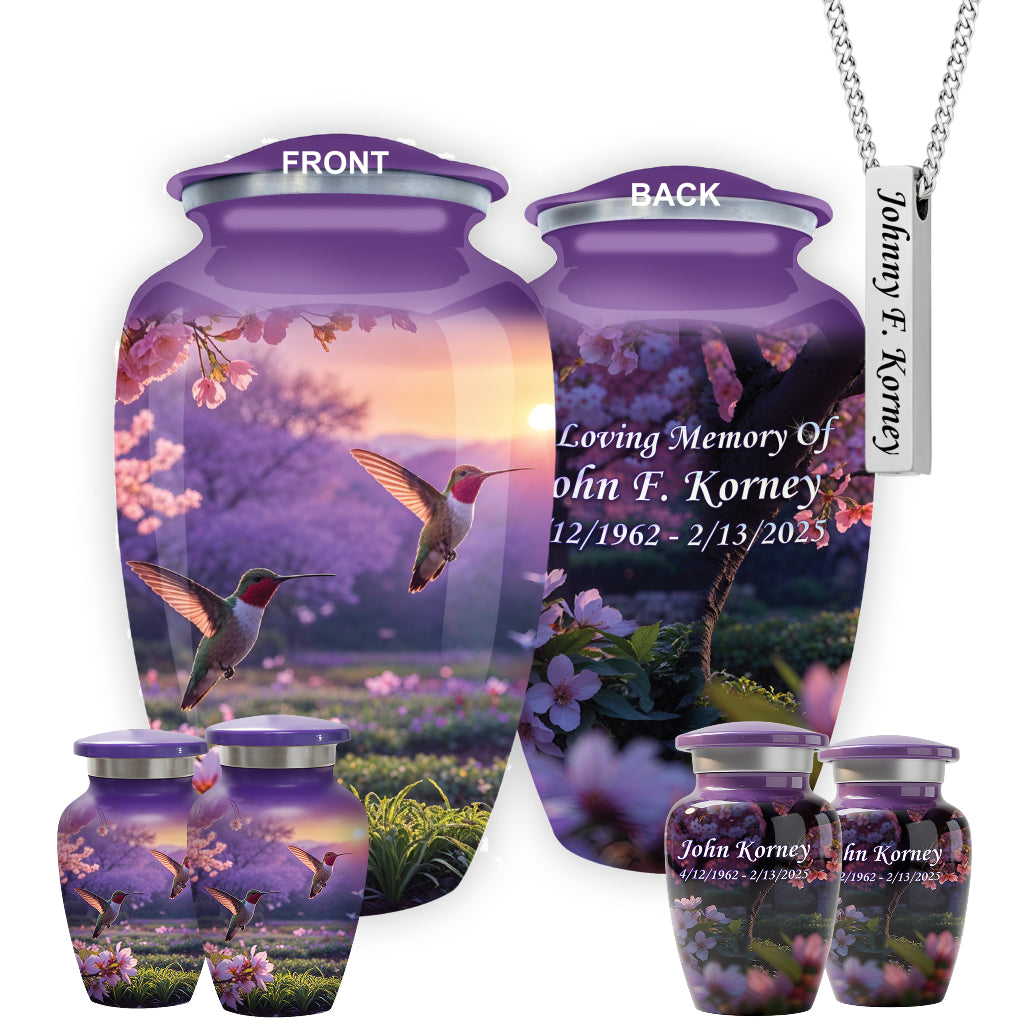 Hummingbird Image Cremation Urn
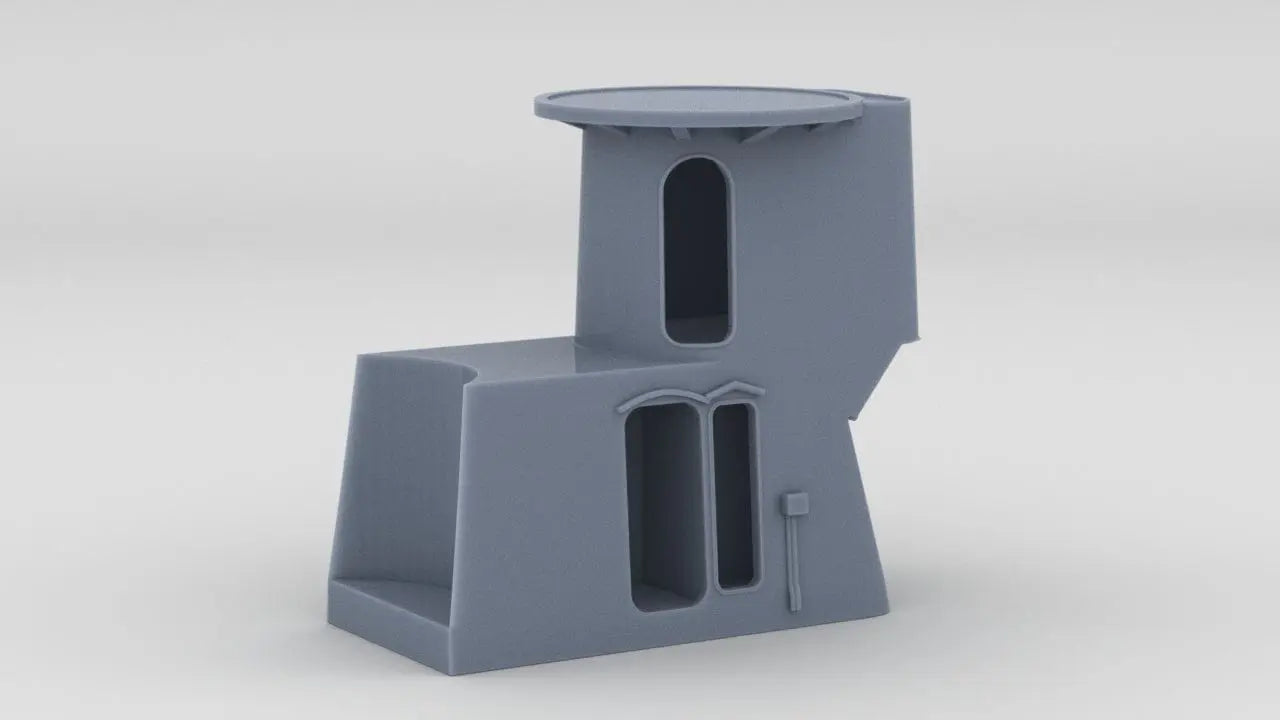 1/306 IJN Kagero Searchlight Bridge - distefan 3d print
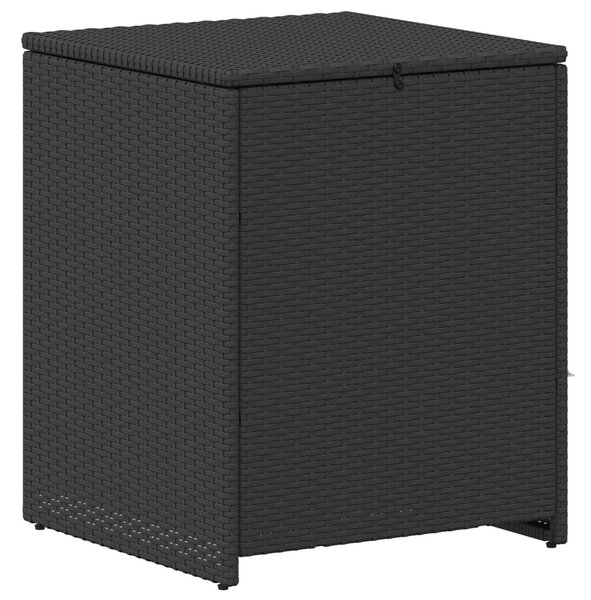 VidaXL Kanapé Szett 7 pcs Fekete és krémfehér Poli rattan és acél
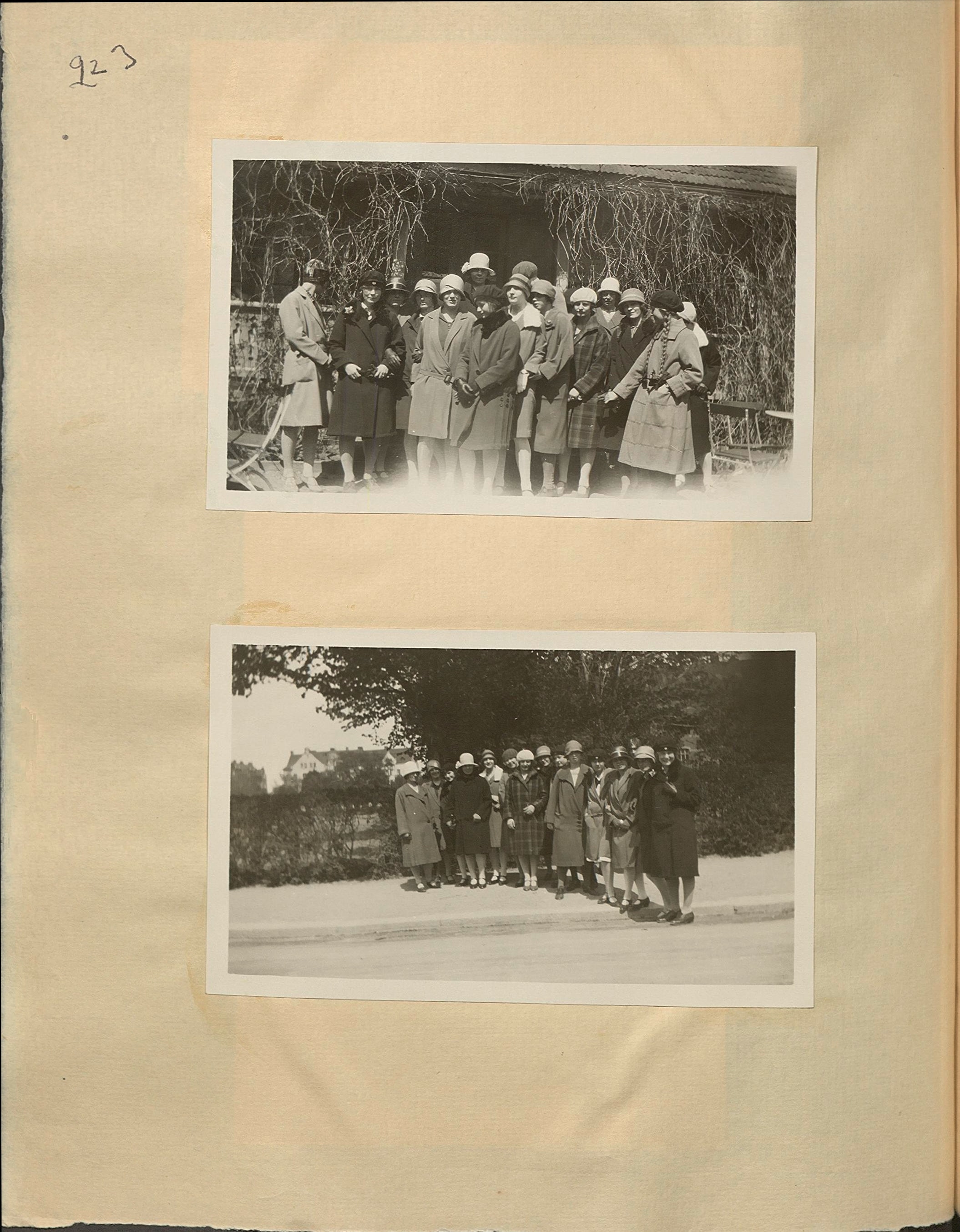 Gunvor f. Borgström Weibels fotoalbum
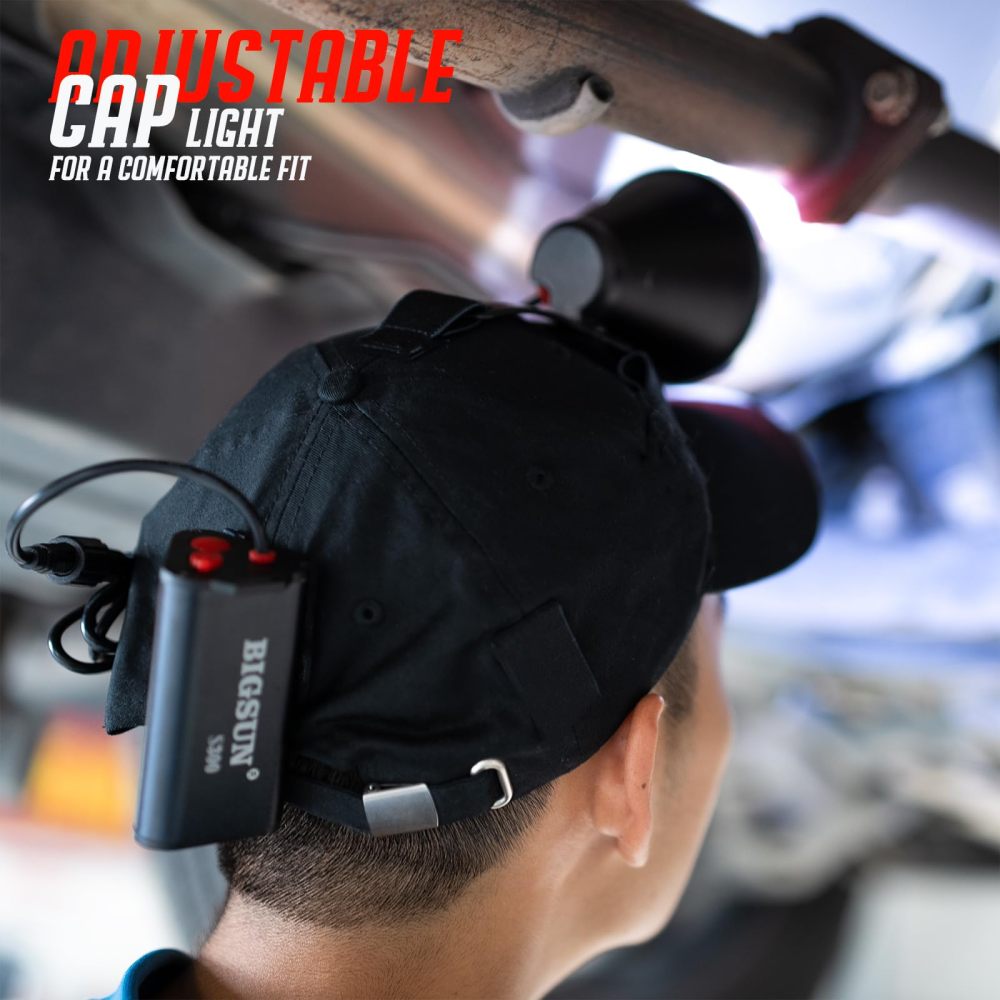 BIGSUN S300 Headlamp, 2000 High Lumen Hands-Free Flashlight for Extreme Weather, 10000mAh Rechargeable Battery Pack, Removable and Washable Cap, Elastic Headband and Hook Included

_Exercise description_.
Output each line of the listing above, word for word, from the one holding "1/306 IJN Kagero" through the last line, both included; omit the pictures.

_Solved exercise_.
 1/306 IJN Kagero Searchlight Bridge - distefan 3d print
 VidaXL Kanapé Szett 7 pcs Fekete és krémfehér Poli rattan és acél
 Gunvor f. Borgström Weibels fotoalbum
 BIGSUN S300 Headlamp, 2000 High Lumen Hands-Free Flashlight for Extreme Weather, 10000mAh Rechargeable Battery Pack, Removable and Washable Cap, Elastic Headband and Hook Included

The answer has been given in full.